Abschnitt: Der Fruchtstand des männlichen Dattelbaums (Fuhhal) (17) ist wie der Fruchtstand der weiblichen Bäume. Dies ist die offenkundige Aussage von al-Shafi'i. Es besteht die Möglichkeit, dass der Fruchtstand des männlichen Baums vor seinem Erscheinen dem Verkäufer zusteht; denn er wird zum Verzehr genommen, noch bevor er in Erscheinung tritt. Er ist also wie eine Frucht, die erst dann entsteht, wenn sie bereits sichtbar ist, wie bei Feigen, und das Erscheinen seines Fruchtstands wäre dann wie das Erscheinen der Frucht (18) anderer Bäume. Unsere Position ist, dass es sich um die Frucht einer Palme handelt, die, wenn man sie ließe, erscheinen würde; daher ist sie wie bei den weiblichen Bäumen, oder sie fällt unter die Allgemeinheit der Überlieferung. Was für die andere Ansicht angeführt wurde, ist nicht stichhaltig (19); denn der Verzehr ist nicht das Ziel dabei, sondern er wird für die Bestäubung benötigt, welche erst nach seinem Erscheinen stattfindet. Somit ähnelt er dem Fruchtstand der weiblichen Bäume. Wenn er eine Palme verkauft, in der sich männliche (Fuhhal) und weibliche Bäume befinden, von denen noch nichts aufgebrochen (20) ist, so gehört alles (21) dem Käufer, außer gemäß der anderen Ansicht, wonach der Fruchtstand des männlichen Baums dem Verkäufer zustehen würde. Wenn der Fruchtstand einer der beiden Arten bereits aufgebrochen ist, nicht aber der anderen, so gehört das Aufgebrochene dem Verkäufer und das, was nicht aufgebrochen ist, dem Käufer, es sei denn bei demjenigen, der alle Arten gleichsetzt. Wenn der Fruchtstand einiger weiblicher Bäume oder einiger männlicher Bäume aufgebrochen ist, so gehört das, was erschienen ist, dem Verkäufer, und das, was nicht erschienen ist, unterliegt der Meinungsverschiedenheit, die wir bereits erwähnt haben.
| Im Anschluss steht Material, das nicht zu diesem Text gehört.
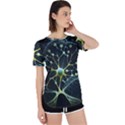 Neuron Network Perpetual Short Sleeve T-Shirt View1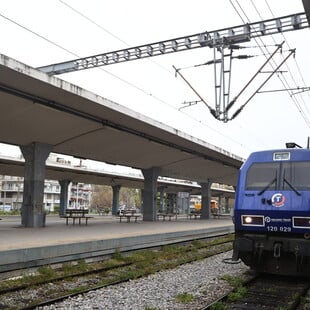 Hellenic Train: Διακοπή ηλεκτροδότησης στο τμήμα μεταξύ Λάρισας - Ραψάνης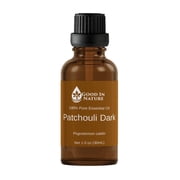 Patchouli AGED Dark Essential Oil 100% Pure Natural Aromatherapy Good In Nature 30mL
Abschnitt: Jeder Vertrag über einen gegenseitigen Austausch (Mu'awada) folgt im gleichen Maße wie der Verkauf der Regel, dass die bestäubte Frucht demjenigen gehört, von dem der Ursprung übergegangen ist, und die nicht bestäubte Frucht demjenigen, auf den sie übergegangen ist, wie etwa, wenn man der Frau eine Palme als Brautgabe (Sadaq) gibt, sie durch Khul' damit freikauft oder sie als Ersatz in einem Mietvertrag oder einem Vergleichsvertrag festlegt; denn es handelt sich um einen Austauschvertrag, weshalb er wie ein Verkauf behandelt wird.
(17) Al-Fuhhal; mit Damma über dem Faa und Tashdid über dem Haa: Das Männchen der Dattelpalme. (18) Fehlt in: M. (19) In M: "yashluhu" (ist geeignet/stichhaltig). (20) Im Original: "yashuqq" (fehlt das Taa). (21) Im Original: "falikullin" (statt "alkullu").